The girl was humming a song, pretending not to hear her words, and also tilting her neck to look at the sunset. Her white skirt was dyed a gentle orange, and her feet hidden under the skirt slowly stretched out. Now Zhou Yue could see clearly that one of her legs was not well developed. It was thinner and shorter than the other. She could walk, but not fast or far. No wonder she had to use a wheelchair.
Xiaocao lay on her legs and snored, and fell asleep in a short while.
"Your bag is so beautiful." Zhou Yue smiled and looked at the small bag she was carrying across her body. It was made of bamboo and was very exquisite. There was also a small sachet hanging on it, which was the kind of embroidered sachet sold everywhere during the Dragon Boat Festival. It was pink and a little dirty. The two leaves embellished on the sachet were very strange, like peacock feathers. At first glance, it was sapphire blue, but when she shook it, it exuded colorful colors like a rainbow and had a metallic luster.
The girl glanced down at her bamboo bag, patted it proudly, and said, "Ajie made this for me!" Then she hummed a song for a while, glanced at Zhou Yue arrogantly, took off the bag and held it under her nose for her to smell. "Smell it! Doesn't it smell good?"

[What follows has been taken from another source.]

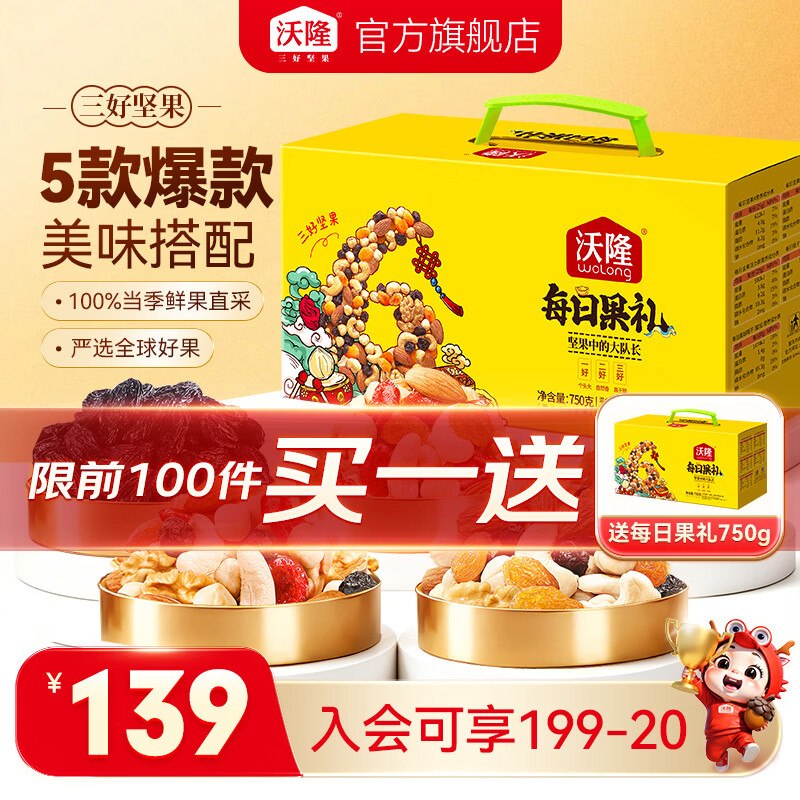 领99-40补贴卷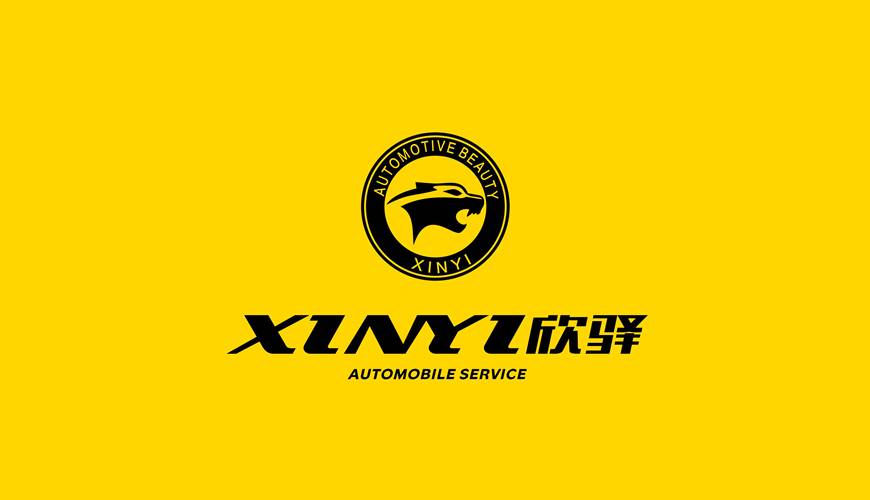田阳县包装设计公司为品牌重塑确保成功的步骤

The sachet no longer smells fragrant, and only has a faint smell of traditional Chinese medicine, but the two leaves are very fragrant, neither like flowers nor like grass.
"Smells good." Zhou Yue smiled, gently examining her face. She smiled back, lowered her head, and lovingly stroked the delicate lines on the bag. "Ajie is so nice to me. Whenever they bully me, he beats them all away!" She then raised her chin and boasted, "He treats you better than your husband!"
Zhou Yue thought she was talking about Jiang Huai, so she nodded rapidly, "That's right!" The girl smiled and sat closer to her, "But your husband is really good. He's good to Ajie and to our Weiwei. He's a very good person."
"Really?" Zhou Yue smiled, watching the fiery sunset dye the clouds red, and the blue night sky at the end, as blue as a gem. The fragrance of the flower that was not like a flower, and not like grass, turned out to be Selaginella. She had seen it once in the drawing book that Xingxing bought her, but it mainly grows in Yunnan. Where would it be in Shenzhen?